Erstellt am 09. Januar 2019, 05:24

von Sandra Frank

Gemeinde und Ärztin: „Sind auf einem sehr guten Weg“. Nur noch „zwei kleine Punkte“ stehen zwischen einer Einigung zwischen der Gemeinde Wullersdorf und Ärztin Edith Lackner.

Nach der Praxiseröffnung waren die Fronten zwischen Edith Lackner und Richard Hogl ver-härtet. Jetzt stehen die Zeichen aufVersöhnung.  |  Archiv/Frank

Bürgermeister Richard Hogl und Ärztin Edith Lackner waren sich uneins, was den Mietvertrag und diverse Zahlungen betrifft. Wie berichtet (siehe hier und unten), trat die Medizinerin die Nachfolge von Gemeindearzt Josef Glasl an, eröffnete im Juli ihre Praxis, welche von der Gemeinde für 180.000 Euro auf den neuesten Stand gebracht wurde.

Inhaltlich „totale Annäherung von Gemeinde“

„Die Situation ist positiv“, sagt Lackners Anwalt, Dieter Berthold, am Montag auf NÖN-Nachfrage. Mittlerweile habe es ein gemeinsames Gespräch gegeben. „Wir sind den Mietvertrag noch einmal Punkt für Punkt durchgegangen“, erzählt der Jurist, dass es „inhaltlich eine totale Annäherung von der Gemeinde“ gegeben habe.
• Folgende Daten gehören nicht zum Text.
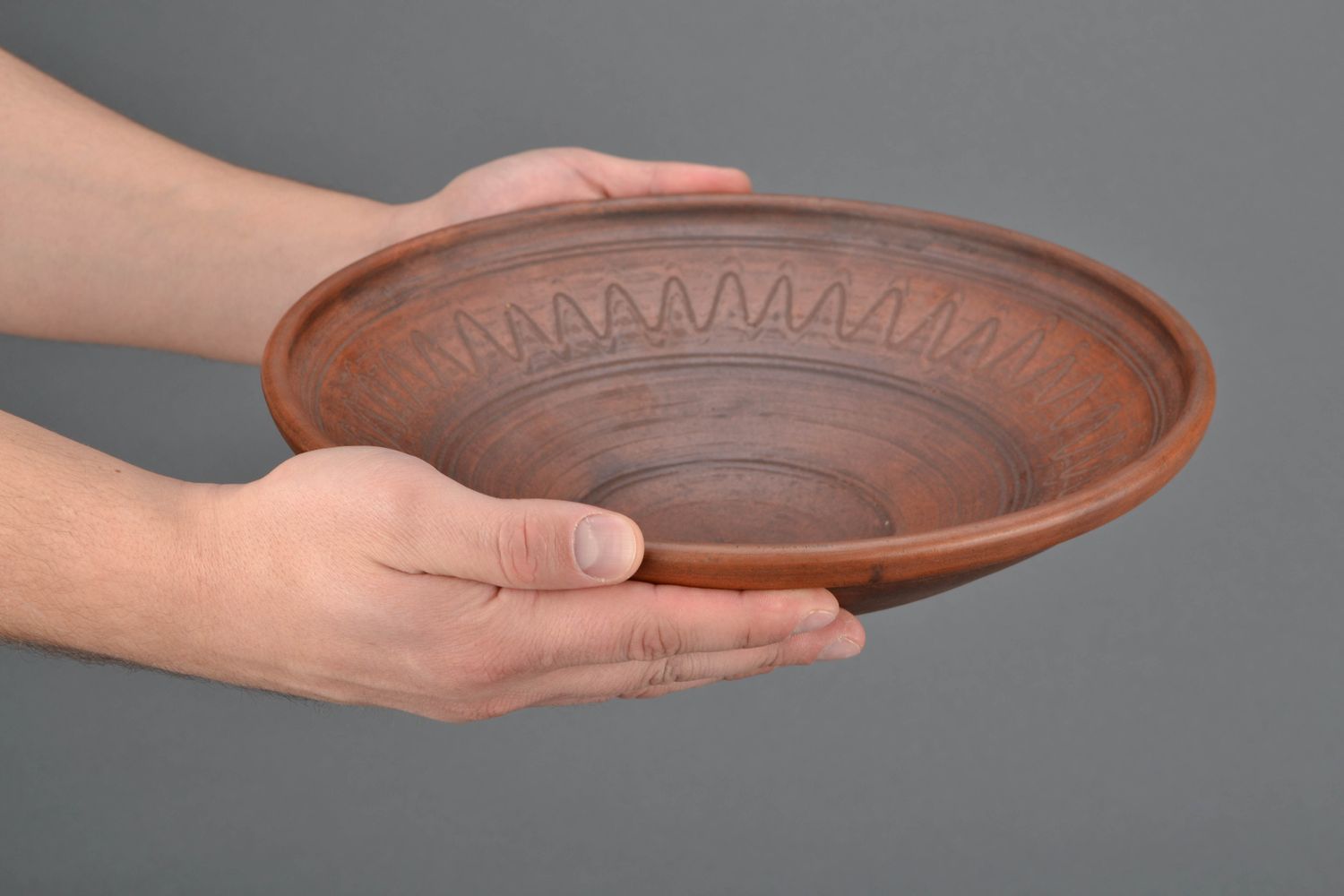 Ceramic bowl for fruit photo 2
Lediglich zwei kleine Punkte müssten noch ausdiskutiert werden. „Randerscheinungen, die eigentlich nichts mit dem Mietvertrag zu tun haben.“ Etwa der Betrag von 1.600 Euro für Arbeiten, die von Gemeindearbeitern verrichtet wurden.

Auch Richard Hogl, der die Kosten von der Medizinerin einklagen wollte, ist positiv gestimmt: „Wir sind auf einem sehr, sehr guten Weg.“ Die Verhandlung, die am 7. Jänner – ohne Hogl und Lackner – stattfinden sollte, wurde auf Anfang Februar vertagt.

Doch Hogl wie auch Berthold zweifeln daran, dass es zu einem neuerlichen Termin vor Gericht kommen werde. „Ich würde es als sehr seltsam empfinden, wenn wir uns bei diesen beiden Punkten nicht einig werden können“, ist Lackners Jurist zuversichtlich, dass bis zum Verhandlungstermin auch die letzten Streitpunkte der Parteien aus dem Weg geräumt werden können.